Different recipe for the weekend – braised pigs’ cheeks

Pigs' cheeks make lovely crackling, says chef David Swallow.
Pigs' cheeks make lovely crackling, says chef David Swallow.

David Swallow, head chef at The Chestnuts at Gedney, remembers his grandmother roasting pigs’ cheeks for the family.

He says: “My grandparents were smallholders and reared their own pigs, and had two each year for their own use from when they were married in 1902 until the early 1950s.”

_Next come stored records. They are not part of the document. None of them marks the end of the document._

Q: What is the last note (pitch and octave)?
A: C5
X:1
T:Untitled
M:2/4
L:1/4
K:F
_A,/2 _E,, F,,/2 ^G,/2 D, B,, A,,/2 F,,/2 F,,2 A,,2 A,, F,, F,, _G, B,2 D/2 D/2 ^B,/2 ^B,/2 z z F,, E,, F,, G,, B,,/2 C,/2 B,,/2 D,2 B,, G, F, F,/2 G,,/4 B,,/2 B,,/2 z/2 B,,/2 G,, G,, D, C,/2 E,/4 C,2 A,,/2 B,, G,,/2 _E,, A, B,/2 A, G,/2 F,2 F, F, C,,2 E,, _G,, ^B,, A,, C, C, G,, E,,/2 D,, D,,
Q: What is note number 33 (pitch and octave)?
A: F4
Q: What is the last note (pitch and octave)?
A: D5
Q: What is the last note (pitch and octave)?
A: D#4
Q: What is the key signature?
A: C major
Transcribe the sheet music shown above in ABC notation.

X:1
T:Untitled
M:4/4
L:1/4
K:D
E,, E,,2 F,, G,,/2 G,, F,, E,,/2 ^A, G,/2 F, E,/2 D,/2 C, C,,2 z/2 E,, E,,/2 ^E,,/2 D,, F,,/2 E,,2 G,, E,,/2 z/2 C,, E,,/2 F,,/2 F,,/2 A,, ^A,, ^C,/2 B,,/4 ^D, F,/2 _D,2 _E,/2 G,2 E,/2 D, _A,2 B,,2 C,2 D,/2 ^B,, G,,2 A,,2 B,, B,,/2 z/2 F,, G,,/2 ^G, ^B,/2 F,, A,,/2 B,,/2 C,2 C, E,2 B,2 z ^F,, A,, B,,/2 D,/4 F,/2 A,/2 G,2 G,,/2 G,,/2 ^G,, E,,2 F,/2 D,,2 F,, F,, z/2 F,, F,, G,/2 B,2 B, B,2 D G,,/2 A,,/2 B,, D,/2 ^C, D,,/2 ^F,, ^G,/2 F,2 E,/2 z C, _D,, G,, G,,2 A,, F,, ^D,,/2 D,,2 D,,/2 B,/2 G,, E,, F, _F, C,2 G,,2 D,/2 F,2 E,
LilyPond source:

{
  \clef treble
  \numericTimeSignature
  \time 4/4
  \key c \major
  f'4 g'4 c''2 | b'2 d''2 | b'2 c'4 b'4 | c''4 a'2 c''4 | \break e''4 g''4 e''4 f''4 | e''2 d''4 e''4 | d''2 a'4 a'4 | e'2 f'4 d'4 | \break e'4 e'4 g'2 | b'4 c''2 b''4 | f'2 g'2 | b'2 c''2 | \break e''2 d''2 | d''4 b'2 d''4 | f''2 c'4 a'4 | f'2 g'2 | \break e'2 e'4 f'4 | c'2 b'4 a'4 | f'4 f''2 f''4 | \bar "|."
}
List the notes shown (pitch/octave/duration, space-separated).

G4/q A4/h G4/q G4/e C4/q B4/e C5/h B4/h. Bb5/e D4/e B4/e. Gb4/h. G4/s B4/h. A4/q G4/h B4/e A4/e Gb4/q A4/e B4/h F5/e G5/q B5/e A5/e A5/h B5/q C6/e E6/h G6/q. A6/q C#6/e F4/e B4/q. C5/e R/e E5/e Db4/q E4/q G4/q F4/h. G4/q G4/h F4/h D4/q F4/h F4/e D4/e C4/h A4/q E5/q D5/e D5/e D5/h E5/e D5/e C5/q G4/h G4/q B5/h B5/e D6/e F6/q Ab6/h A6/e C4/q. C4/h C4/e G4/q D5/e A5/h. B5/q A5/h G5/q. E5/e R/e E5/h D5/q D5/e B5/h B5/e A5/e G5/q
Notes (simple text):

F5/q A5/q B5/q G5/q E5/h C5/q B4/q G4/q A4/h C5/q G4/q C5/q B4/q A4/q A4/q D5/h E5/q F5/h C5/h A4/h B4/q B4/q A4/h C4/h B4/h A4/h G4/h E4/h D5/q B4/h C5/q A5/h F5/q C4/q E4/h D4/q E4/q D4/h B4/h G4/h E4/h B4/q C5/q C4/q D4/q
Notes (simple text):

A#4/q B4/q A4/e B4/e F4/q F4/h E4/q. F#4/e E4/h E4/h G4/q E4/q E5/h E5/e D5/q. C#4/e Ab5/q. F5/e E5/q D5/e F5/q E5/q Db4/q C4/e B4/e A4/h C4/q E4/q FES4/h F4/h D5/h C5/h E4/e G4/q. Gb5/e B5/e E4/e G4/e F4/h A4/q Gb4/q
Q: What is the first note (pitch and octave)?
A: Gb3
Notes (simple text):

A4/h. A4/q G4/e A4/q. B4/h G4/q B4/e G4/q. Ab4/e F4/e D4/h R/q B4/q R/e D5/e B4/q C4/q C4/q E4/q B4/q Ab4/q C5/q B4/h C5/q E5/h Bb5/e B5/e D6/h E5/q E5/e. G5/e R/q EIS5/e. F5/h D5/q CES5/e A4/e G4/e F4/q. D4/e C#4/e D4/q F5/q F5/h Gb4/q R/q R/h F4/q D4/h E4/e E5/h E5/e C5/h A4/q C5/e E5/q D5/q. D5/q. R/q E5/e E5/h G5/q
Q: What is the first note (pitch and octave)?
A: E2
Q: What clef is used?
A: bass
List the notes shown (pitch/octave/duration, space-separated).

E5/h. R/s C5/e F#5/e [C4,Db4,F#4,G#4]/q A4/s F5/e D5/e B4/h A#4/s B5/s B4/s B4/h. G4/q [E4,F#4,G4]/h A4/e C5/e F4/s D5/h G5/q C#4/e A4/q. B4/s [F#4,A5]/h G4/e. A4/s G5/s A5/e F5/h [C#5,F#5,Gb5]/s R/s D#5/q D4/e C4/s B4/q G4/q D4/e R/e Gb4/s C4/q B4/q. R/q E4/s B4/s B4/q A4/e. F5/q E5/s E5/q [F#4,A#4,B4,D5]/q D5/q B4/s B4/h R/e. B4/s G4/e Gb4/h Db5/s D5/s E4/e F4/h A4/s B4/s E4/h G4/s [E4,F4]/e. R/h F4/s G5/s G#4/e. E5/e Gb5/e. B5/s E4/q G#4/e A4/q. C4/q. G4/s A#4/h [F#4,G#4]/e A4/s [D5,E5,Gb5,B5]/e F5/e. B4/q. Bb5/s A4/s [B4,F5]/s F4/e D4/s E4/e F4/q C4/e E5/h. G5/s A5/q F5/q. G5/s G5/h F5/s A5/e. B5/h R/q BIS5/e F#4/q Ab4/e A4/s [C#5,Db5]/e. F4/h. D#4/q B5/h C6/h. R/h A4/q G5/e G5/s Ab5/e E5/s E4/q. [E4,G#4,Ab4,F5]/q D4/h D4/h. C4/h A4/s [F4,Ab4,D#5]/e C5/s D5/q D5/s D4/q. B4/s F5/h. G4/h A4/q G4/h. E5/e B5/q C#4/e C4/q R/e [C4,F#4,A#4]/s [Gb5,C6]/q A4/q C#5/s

This is David’s recipe for Slow Braised Pigs’ Cheeks on a bed of apple, sage and onion, with creamed cabbage and parsnip puree, to serve four.

YOU WILL NEED

2 pigs’ cheeks

2 or 3 dessert apples (Cox or Royal Gala), skin on, de-cored and cut into ⅛s

2 large onions, peeled and sliced

10 sage leaves, rough chopped

Salt & pepper

Vegetable oil

1 ltr chicken stock

For the creamed Savoy cabbage:

1 medium Savoy cabbage

2-3 tbsp single cream

Salt & pepper

For the parsnip puree:

3 medium parsnips, peeled and rough chopped

Salt & pepper

Grated nutmeg

Method

Pre-heat oven 220oC. Wash and dry pigs’ cheeks. Score skin to create strips of crackling. In a roasting tin place sliced onion, apple eights and sage leaves. Season with salt and ground black pepper. Lightly oil the pigs’ cheek skins and sprinkle with salt, work this into skin for a few minutes. Place the two cheeks on top of the onion and apples and pour in sufficient chicken stock to barely cover these. Cover with tin foil and place on top shelf of oven. Cook for 2-2½ hours or until cheeks are tender. At this point remove foil, return to oven to brown and crisp the crackling, this should take around half an hour.

Split cabbage in half lengthways, remove hard core and shred horizontally, wash and drain. Steam or boil until tender. Drain, lightly season and lightly coat with single cream. Peel and rough chop the parsnip, steam until tender. Puree with a blender and add grated nutmeg to taste.